Last Friday there were four coordinated arson attacks that severed signaling cables on France’s high-speed rail lines, hours before the opening ceremonies began. All were fortunately thwarted before somebody got hurt. Nobody knows yet whodunit, but obviously multiple people who are still out there, which is unsettling.
And Microsoft has warned that Russia — not invited on account of invading Ukraine, and still very bitter about it — has been using AI to create fake French media websites to stoke fears of Olympics violence and terrorism, so nobody will show up to France’s party, and it’ll make France cry.
And then on Sunday, a Russian 40-year-old private chef who’d appeared on Russian reality shows was arrested for planning a “large scale” Olympics plot of an unknown nature, caught red-handed with a document linking him to a Russian special forces unit under the command of the FSB.
So if you’re gonna worry about the Olympics, maybe worry about that?
But let’s have a little chortle at the latest example of Christian right-wingers not understanding something, then deciding that thing is a worldwide spiritual warfare conspiracy that’s out to get them, instead of, like, looking it up.
We of course speak of the Olympic opening ceremonies, which featured the PALE HORSE OF DEATH, and drag queens MOCKING THE LAST SUPPER! And also there was HEAVY METAL and BEHEADED LADIES and WOKE NIGHTMARE!

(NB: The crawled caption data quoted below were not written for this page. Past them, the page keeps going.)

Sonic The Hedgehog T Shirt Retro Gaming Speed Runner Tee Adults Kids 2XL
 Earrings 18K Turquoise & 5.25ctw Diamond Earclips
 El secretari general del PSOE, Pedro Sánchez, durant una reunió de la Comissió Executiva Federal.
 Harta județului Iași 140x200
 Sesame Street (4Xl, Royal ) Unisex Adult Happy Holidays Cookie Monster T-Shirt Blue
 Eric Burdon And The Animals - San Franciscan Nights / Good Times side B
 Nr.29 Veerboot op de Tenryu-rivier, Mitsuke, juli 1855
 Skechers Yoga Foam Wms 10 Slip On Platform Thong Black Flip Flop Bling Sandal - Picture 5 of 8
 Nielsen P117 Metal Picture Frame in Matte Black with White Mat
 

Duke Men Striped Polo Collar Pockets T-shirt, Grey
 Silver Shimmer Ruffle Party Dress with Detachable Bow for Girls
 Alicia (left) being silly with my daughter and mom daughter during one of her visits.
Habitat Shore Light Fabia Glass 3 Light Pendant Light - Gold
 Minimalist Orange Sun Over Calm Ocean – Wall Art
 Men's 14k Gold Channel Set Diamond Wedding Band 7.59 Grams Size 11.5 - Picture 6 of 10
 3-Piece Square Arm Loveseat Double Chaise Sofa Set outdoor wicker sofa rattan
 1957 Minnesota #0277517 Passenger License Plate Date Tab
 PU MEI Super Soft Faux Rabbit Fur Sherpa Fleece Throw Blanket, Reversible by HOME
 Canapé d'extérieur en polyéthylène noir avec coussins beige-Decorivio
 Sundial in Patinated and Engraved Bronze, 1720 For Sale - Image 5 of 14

Plus, an implied threesome with people wearing disco pants and loud prints, because France is a république full of liberté and égalité that doesn’t give a care what a bunch of performative Christian authoritarian-huggers think.
The drag queens, heavy metal and implied threesome were actually real. But the rest of it sprung up fully formed from right-wingers’ fertile imaginations, like genitals on an M&M.
Turns out that tableau wasn’t a depiction of “The Last Supper” at all. The blue guy festooned with a bunch of fruit might have been a clue, as there was not one of those at the Last Supper. Why, they’re Greek Gods. The Olympics, Olympian Gods, get it? The blue guy is Dionysus, the Greek God of wine and pleasure. Because France still teaches art history au lycée!
But ‘Muricans only know two paintin’s with a group in it, so if it isn’t “Dogs Playing Poker” then it must be the other one.
Fussed Republican Speaker Mike Johnson on Twitter, “Last night’s mockery of the Last Supper was shocking and insulting to Christian people around the world who watched the opening ceremony of the Olympic Games.”
Elon Musk, who has been known to dabble in AI misinformation, cosplay in Satanic outfits and push the Russian agenda himself (and has he ever even been inside a church?) declared it “extremely disrespectful to Christians.”
The artistic director of the opening ceremony, Thomas Jolly, was confused by the confusion.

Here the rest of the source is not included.